You can’t talk about the history of SoHo without mentioning its most notable bar: the Chatterbox Lounge. Founded in the Prohibition Era, it was South Tampa’s favorite watering hole for 70 years until it closed unceremoniously in 2001.
“The Box” was unassuming upon first glance. Located at 709 S. Howard Avenue, the bar itself was just two wood-framed barracks from MacDill that were joined to create one long building that former owner Rudy Zabak’s son Rick equated to a shoebox. “And the inside was so dark that if someone greeted you at the door, you’d have no clue who they were because your eyes had to adjust,” Rick said.
But it wasn’t the appearance of the Chatterbox that made it so memorable. It was the people. During the day, former owner Danny Lea said he’d have retired professionals like judges and attorneys. “But at night time, we used to kick it back,” he said. “We were allowed to stay open to 3am, and we made use of every minute. It was jamming in there.”
From University of Tampa students and alumni from Plant, Jefferson and Robinson High Schools, to politicians, downtown professionals and even the local hospitality crew, stiff drinks and a great jukebox made the Chatterbox the place to “start and end your night,” Danny said.
“We had it all.
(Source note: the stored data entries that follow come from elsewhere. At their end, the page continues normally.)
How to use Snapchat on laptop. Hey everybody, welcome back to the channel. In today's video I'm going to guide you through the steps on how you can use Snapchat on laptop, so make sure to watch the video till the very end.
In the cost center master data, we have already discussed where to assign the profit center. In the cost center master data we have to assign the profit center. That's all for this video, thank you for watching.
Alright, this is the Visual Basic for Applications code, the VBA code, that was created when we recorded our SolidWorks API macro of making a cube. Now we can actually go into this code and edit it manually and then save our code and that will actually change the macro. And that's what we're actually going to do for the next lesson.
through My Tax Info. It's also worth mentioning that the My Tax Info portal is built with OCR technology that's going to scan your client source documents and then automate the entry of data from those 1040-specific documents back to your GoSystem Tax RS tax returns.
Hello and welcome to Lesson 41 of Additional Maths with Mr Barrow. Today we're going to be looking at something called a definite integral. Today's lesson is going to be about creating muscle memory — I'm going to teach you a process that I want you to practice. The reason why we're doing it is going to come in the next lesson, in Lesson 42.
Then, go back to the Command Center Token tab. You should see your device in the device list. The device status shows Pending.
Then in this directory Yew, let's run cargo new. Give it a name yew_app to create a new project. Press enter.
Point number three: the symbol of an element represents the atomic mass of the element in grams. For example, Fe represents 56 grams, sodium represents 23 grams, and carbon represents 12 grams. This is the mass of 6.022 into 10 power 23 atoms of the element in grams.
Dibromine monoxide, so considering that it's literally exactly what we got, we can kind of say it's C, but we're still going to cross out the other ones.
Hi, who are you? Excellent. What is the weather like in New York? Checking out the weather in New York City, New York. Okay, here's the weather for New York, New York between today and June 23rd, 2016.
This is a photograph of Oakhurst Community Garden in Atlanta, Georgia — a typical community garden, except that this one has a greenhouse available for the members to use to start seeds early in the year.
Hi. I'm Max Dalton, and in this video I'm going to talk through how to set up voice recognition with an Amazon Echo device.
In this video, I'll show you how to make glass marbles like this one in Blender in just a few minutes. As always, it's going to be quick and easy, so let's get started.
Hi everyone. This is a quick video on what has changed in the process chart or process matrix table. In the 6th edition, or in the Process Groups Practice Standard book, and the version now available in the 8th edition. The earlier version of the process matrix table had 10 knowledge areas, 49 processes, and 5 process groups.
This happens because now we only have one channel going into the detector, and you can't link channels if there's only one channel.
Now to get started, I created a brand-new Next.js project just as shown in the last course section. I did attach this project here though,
From the kings and queens to the pork and beans,” he said.
The first incarnation of the Chatterbox Lounge is said to have opened in 1931. According to the Tampa Bay Times, it was originally called El Dorado Club, and “groceries” were sold out the front. Located on the corner of Howard and Swann Avenues, it changed hands a few times before officially becoming the Chatterbox in 1940.
Longtime South Tampa residents and retired military may remember that version of the Chatterbox as a round waterhole set back from the street. That building burned down in 1947 and was promptly replaced with the building most locals remember.
Rudy Zabak owned the Chatterbox from 1957 to 1981. His son, Rick, said it was a modest investment for the Cleveland native. Zabak brought in live music acts and helped put Chatterbox on the map as the bar to visit when you’re in Tampa. He sold the business and retired in the 80s, handing the business over to surgeon Dr. John Ackermann. He hired Lea, a former University of Tampa football star, to manage the business.
Danny said Dr. Ackermann’s health started to diminish in early 2000, so he made arrangements to sell off the SoHo property. The original arrangement was to build the Panera and keep the Chatterbox. As Danny tells it, they “reneged on their agreement.”
“It seemed like a parking lot was more important to them,” he said. “They took away South Tampa’s finest bar ever.”
The place stayed busy the entire month before it’s last night on Jan. 1, 2001. Danny said it was a sad day. “Tampa turned out to say goodbye to its favorite establishment,” he said. “We didn’t have much inventory when the night was over.”
Today, Mr. Zabak is enjoying retirement. Danny is an economics teacher at Jefferson High School (“a surprise to anyone who’s gotten change from me at the bar,” he jokes) and the defensive line coach on the football team. He’s held the position for 14 years, but he still misses the old days at “The Box.”
“It truly was a wonderful meeting place to have,” he said. “Those were nothing but good times.”